What the task asks -> Each line from the one that holds "The top contains" to the end of the entries is to be given again exactly. Do not include pictures.

Records for the task ->

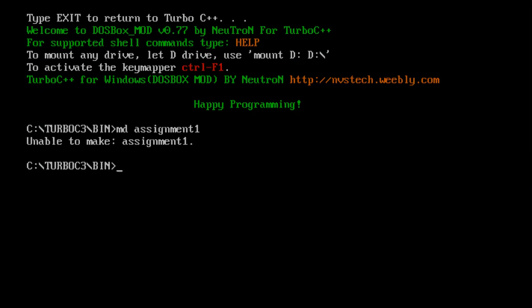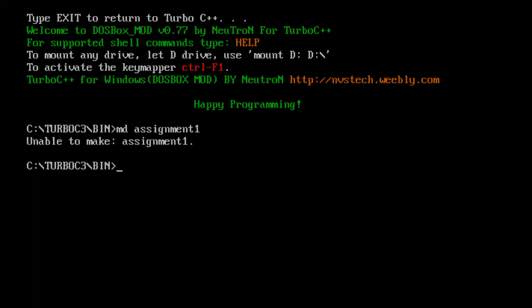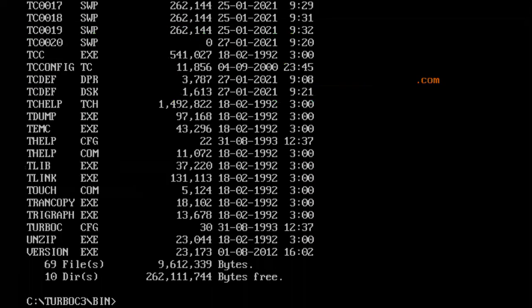It is prompting a message that you cannot make the directory named assignment one. Usually this message is prompted whenever we already have a file named assignment one. So let us change the name to asg1 and check whether this directory is created. For that you need to execute the dir command, which is used to list all the directories from your current location.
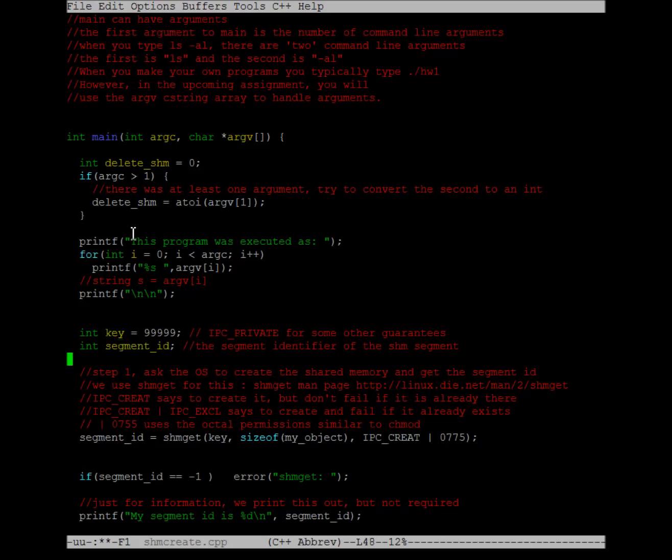We're also going to need the segment ID, which is going to be used as the return value of shmget after it tells us the shared memory associated with that key.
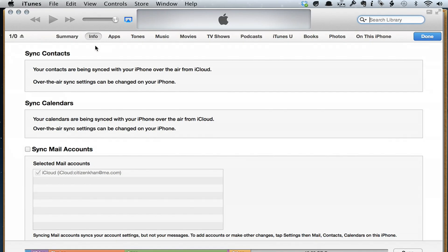Now, if you're not using iCloud, and you synchronize your phone with iTunes, go to Info, the second tab here. At the top it says Sync Contacts. Now for me it says my contacts are being synced with my iPhone over the air from iCloud.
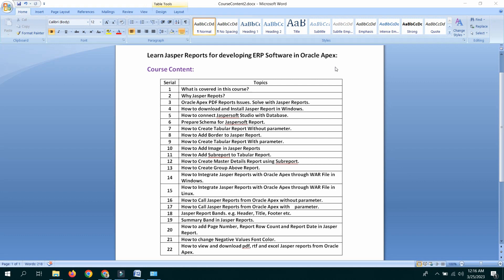We will see the next session: Why JASPER Report? InshaAllah. Assalamualaikum.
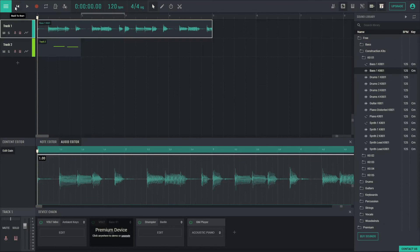The top contains the transport for start, stop, and return to beginning. In addition, loop, metronome, time, tempo, time signature,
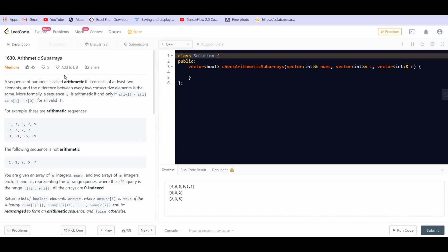In this problem we will be discussing two approaches. The first one will be the brute force approach and the second one will be an optimized approach. Please watch the video till the end so that you can know about both the approaches. Let us start with the problem statement.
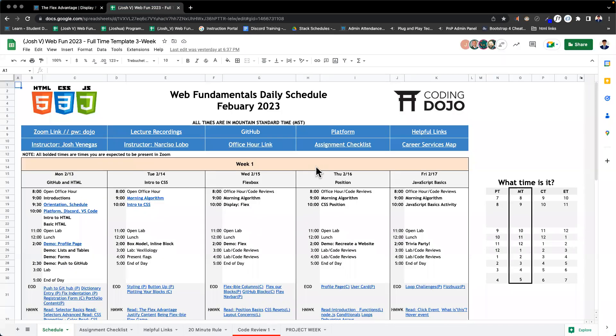All right, welcome back everyone. We are on day three. This morning we're going to be learning about flex. Yesterday we learned about inline-block and the box model.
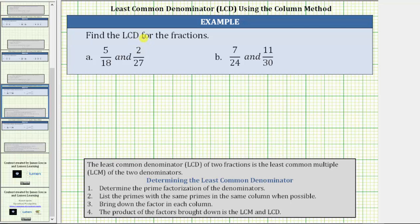We are asked to find the least common denominator, or LCD, for the pairs of fractions. The least common denominator, or LCD, of two fractions is the same as the least common multiple, or LCM, of the two denominators. In this video, we will be using the column method to determine the LCM or LCD, where the first step is to determine the prime factorization of the denominators.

Result of this exercise ->
The top contains the transport for start, stop, and return to beginning. In addition, loop, metronome, time, tempo, time signature,
In this problem we will be discussing two approaches. The first one will be the brute force approach and the second one will be an optimized approach. Please watch the video till the end so that you can know about both the approaches. Let us start with the problem statement.
All right, welcome back everyone. We are on day three. This morning we're going to be learning about flex. Yesterday we learned about inline-block and the box model.
We are asked to find the least common denominator, or LCD, for the pairs of fractions. The least common denominator, or LCD, of two fractions is the same as the least common multiple, or LCM, of the two denominators. In this video, we will be using the column method to determine the LCM or LCD, where the first step is to determine the prime factorization of the denominators.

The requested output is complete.